Analytics packages are easiest to deploy because all that’s needed is to configure them to your organization, a process that’s well within the skill set of an IT professional or citizen data scientist. Their disadvantage is that you may have to change the way you work to align your business with how the package works.
This isn’t an issue with business intelligence / analytics platforms that offer powerful analytics capabilities and an ability to define almost any problem. Many incorporate features that streamline data linking as well as user dashboards that simplify input and outputs. While reducing workload to a degree, the majority of these platforms still require some advanced third- and fourth-generation programming knowledge and expertise. While much of this work can be performed by in-house experts, many applications still require the services of a data scientist.

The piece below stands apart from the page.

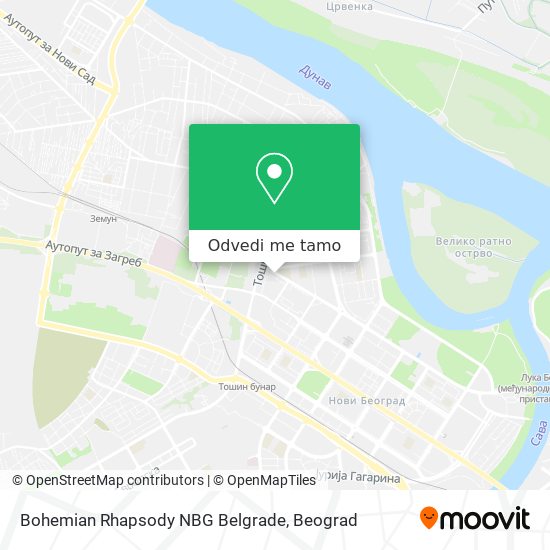 Bohemian Rhapsody NBG Belgrade mapa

Democratization of Supply Chain Analytics Jobs With 5th Generation Programming Languages
Up to this point, the major changes in analytics jobs revolved around lessening the dependence of the organization on fully-fledged data scientists. But they also helped create opportunities for in-house IT and managerial personnel with the aptitude to work with and understand advanced analytics.

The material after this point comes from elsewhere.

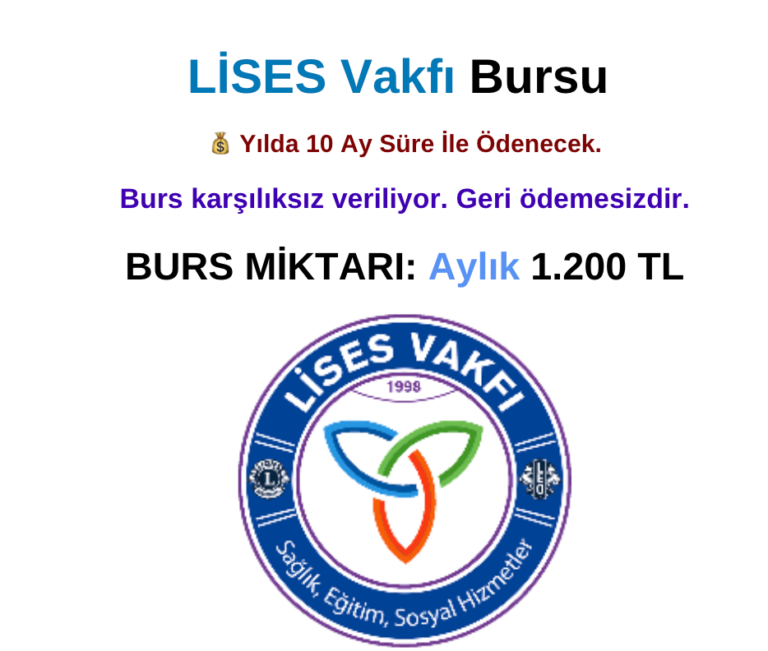 LİSES Vakfı Bursu Başvurusu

All of this changes when using fifth-generation programming languages. These languages focus on identifying constraints and allow users to create visual, code-free models that accurately represent the real-world supply chain.
Fifth generation programming languages have several distinct advantages over earlier languages, including:
- Code-free coding
- Visual model representation
- Easy to update and expand
- Simple scenario construction
- Built-in dashboards
- Simplified data connection
Although fifth-generation coding is easier, it’s essential to understand there’s still a crucial need for appropriate analytical skills and experience. However, in most instances, this is something that’s well within the capabilities of citizen data scientists.
Future Skill Sets for Supply Chain Analytics Jobs
It’s apparent that the requirements of supply chain analytics jobs are changing. While there will always be scope and a need for professional data scientists, they are no longer as essential, especially when using fifth-generation prescriptive analytics platforms such as Enterprise Optimizer.
At the same time, supply chain professionals should learn and develop analytical skills that allow them to interact with supply chain models.
In this way, it’s possible to put supply chain modeling software where it should be: directly in the hands of supply chain professionals. With the ability to instantly run what-ifs and determine optimal decisions, a fifth-generation prescriptive analytics model opens up numerous possibilities for optimizing supply chain management and reducing supply chain costs.